• _What you are asked to do_:
In the entries below, find each line with the string "Manual" and copy it.

• _Data supplied_:
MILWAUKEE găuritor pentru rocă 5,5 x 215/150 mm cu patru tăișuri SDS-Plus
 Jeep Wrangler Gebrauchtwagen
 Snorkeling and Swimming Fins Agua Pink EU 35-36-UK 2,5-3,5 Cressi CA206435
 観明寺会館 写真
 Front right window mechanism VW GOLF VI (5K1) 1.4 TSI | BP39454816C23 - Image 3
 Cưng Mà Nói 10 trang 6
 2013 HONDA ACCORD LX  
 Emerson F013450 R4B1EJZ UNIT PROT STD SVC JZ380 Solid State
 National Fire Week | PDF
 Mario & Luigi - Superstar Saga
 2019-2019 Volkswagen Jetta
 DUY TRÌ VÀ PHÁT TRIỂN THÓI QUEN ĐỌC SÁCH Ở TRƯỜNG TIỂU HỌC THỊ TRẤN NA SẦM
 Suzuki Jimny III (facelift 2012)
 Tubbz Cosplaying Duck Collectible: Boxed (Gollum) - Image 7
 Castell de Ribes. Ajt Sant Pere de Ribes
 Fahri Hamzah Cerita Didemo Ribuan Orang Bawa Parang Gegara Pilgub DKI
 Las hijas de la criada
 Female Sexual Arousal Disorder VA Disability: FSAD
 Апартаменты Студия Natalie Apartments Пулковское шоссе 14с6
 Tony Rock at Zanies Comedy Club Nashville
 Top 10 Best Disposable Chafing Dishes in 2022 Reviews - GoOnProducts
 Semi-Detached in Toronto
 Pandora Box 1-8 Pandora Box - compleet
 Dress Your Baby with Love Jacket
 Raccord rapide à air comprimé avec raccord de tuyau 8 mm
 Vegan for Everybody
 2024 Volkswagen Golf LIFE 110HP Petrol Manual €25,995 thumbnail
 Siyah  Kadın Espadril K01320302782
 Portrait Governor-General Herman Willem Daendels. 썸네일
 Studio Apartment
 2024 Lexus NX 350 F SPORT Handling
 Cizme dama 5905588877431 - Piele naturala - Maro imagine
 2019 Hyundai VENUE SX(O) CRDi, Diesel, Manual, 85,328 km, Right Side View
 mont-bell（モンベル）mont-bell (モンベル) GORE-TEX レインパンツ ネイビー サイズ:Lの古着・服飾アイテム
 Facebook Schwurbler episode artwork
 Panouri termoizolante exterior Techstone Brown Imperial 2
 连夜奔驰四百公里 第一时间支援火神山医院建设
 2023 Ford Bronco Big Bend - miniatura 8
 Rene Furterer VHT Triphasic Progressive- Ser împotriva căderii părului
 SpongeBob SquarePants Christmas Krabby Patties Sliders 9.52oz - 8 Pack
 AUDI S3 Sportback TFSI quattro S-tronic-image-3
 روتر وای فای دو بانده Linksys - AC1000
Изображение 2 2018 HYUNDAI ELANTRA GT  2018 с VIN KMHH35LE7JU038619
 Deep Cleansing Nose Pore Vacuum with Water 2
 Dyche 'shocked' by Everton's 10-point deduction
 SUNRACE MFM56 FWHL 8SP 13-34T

• _Result_:
 2024 Volkswagen Golf LIFE 110HP Petrol Manual €25,995 thumbnail
 2019 Hyundai VENUE SX(O) CRDi, Diesel, Manual, 85,328 km, Right Side View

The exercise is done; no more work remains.